We learn from this that many (or most) of the Judahites were deported to Assyria along with their brethren of the Israelite tribes. Over time, they too lost their identity as either Jews or Israelites, for the ancient historians called them by other names.

It is important to note, however, that the Judahites who were taken to Assyria did not constitute the tribe itself. The tribal unit was located wherever the king of Judah lived. King Hezekiah and those who remained with him constituted the tribe of Judah and the House of Judah as a nation (including Benjamin and Levi).

So even if the majority of the people of Judah were taken to Assyria, it was not the tribe that was taken, but only individual people. That is why Scripture tells us that “none was left except the tribe of Judah” (2 Kings 17:18). The tribe was greatly reduced after Sennacherib deported most of the Judahites, but the tribe itself, led by King Hezekiah, remained in Jerusalem.

Likewise, when Hosea 1:7 tells us that God would deliver Judah from an Assyrian captivity, he did not mean that every individual Judahite would be delivered.
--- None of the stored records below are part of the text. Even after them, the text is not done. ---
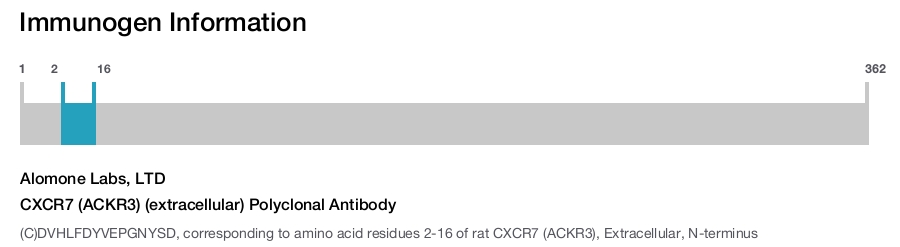 CXCR7 (ACKR3) (extracellular) Polyclonal Antibody
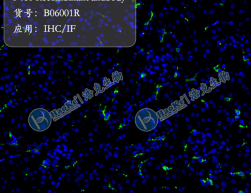 F4/80 Recombinant antibody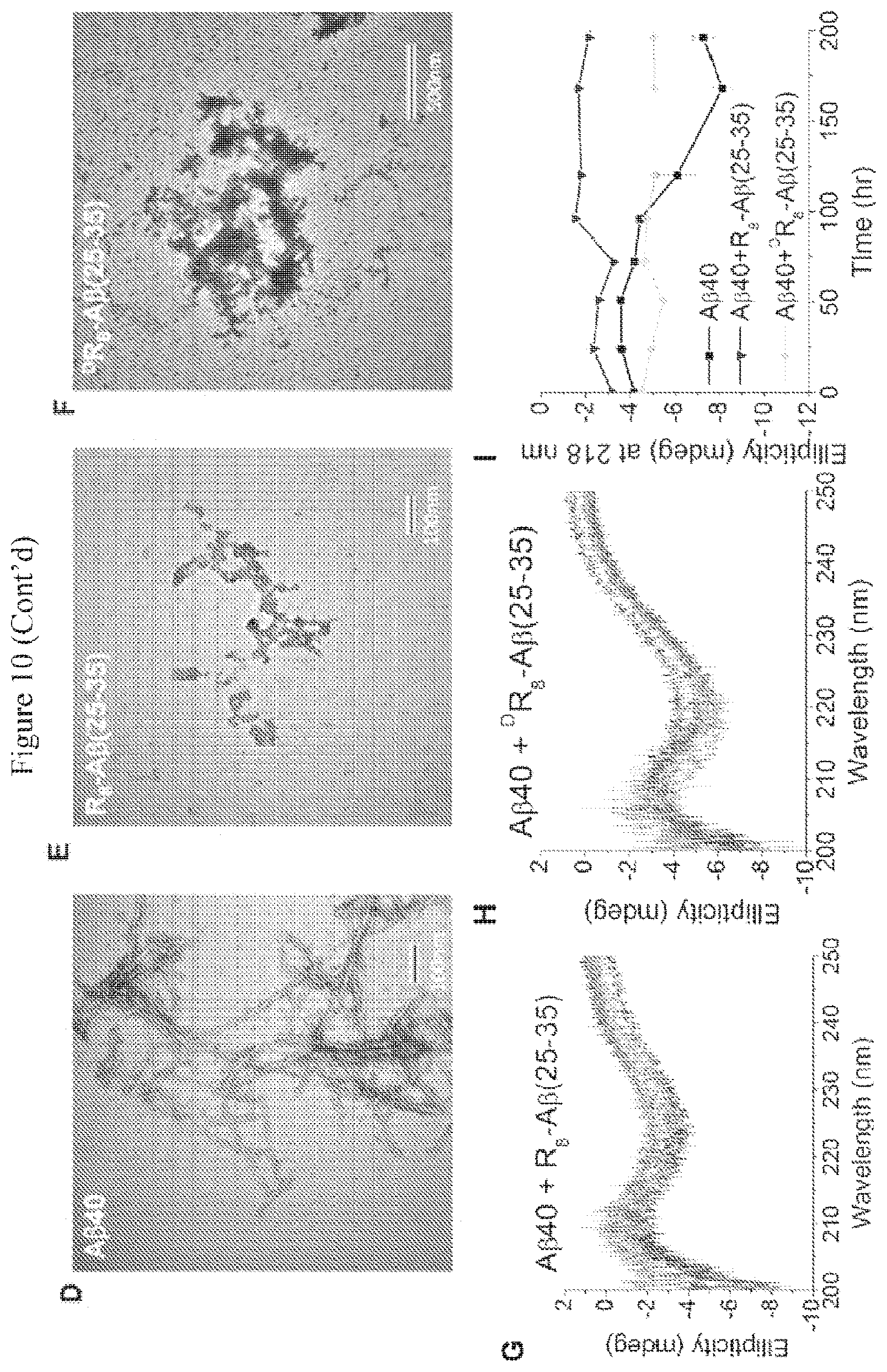 Patent US12590130 Figure 19 – Bipartite molecules and uses thereof in treating diseases associated with abnormal protein aggregates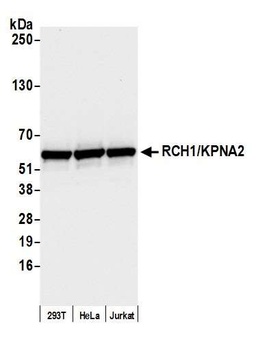 Rabbit RCH1/KPNA2 Antibody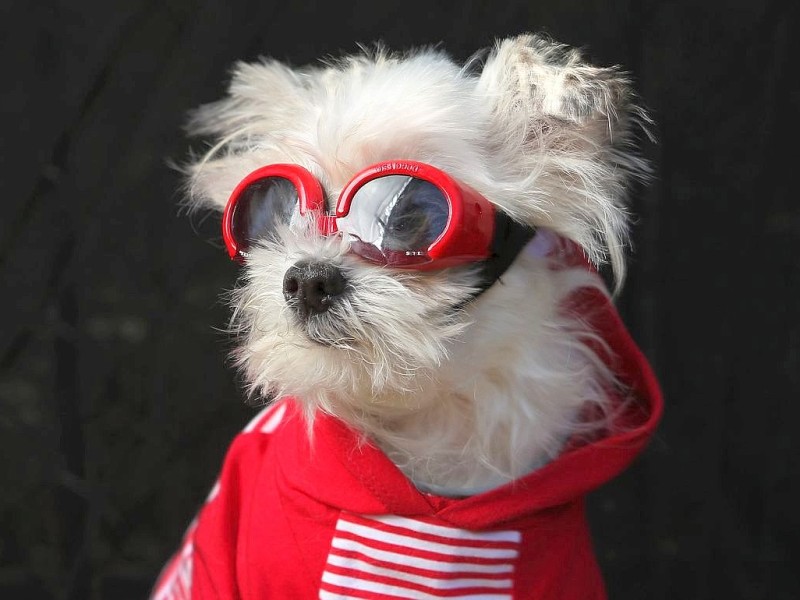 Zum 22. Mal feierten Hundebesitzer vergangenes Wochenende mit ihren Vierbeinern die Tompkins Square Halloween Dog Parade in New York.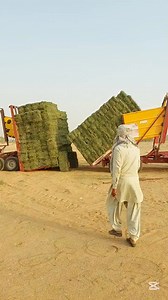 462K views · 1.9K reactions | Stocking grass blocks. #reels #viral #short #technology #Amazing | Agri Culture Sa | Facebook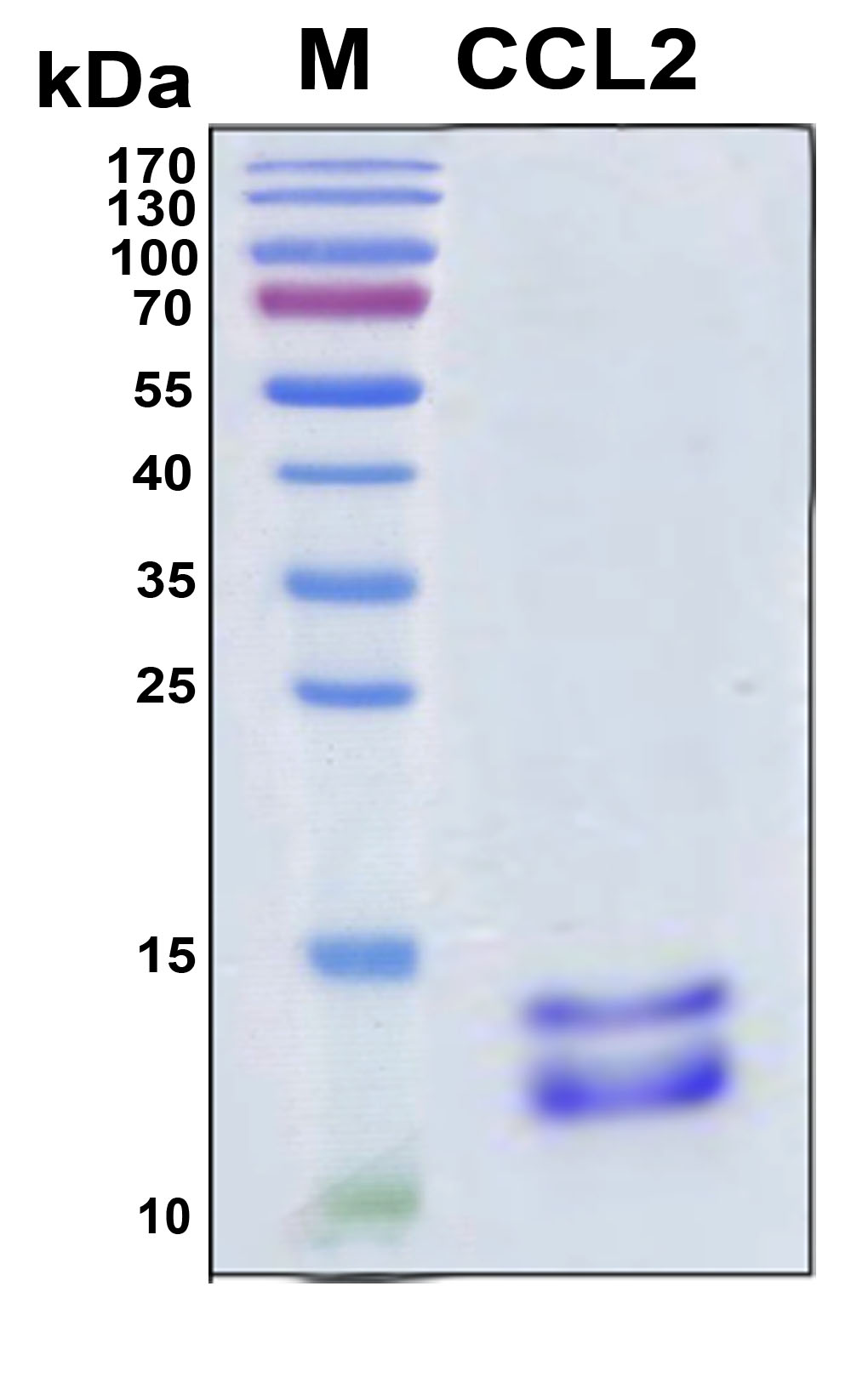 CCL2 / MCP1 Protein - SDS-PAGE under reducing conditions and visualized by Coomassie blue staining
More than 100,000 Judahites were deported to Assyria, according to the Assyrian records. Rather, he meant that the tribe of Judah would remain as a political entity in the old land. Hosea’s prophecy thus was fulfilled when God delivered Jerusalem from the Assyrian army.

The Assyrians took the Israelites to a place north of Nineveh, near the Caspian Sea. More than a century later, the Babylonians revolted and conquered Nineveh in 612 B.C. They then continued their conquests until they had conquered Jerusalem in the days of Jeremiah. The Judahites (“Jews”) were taken to Babylon, which was far to the south of Nineveh.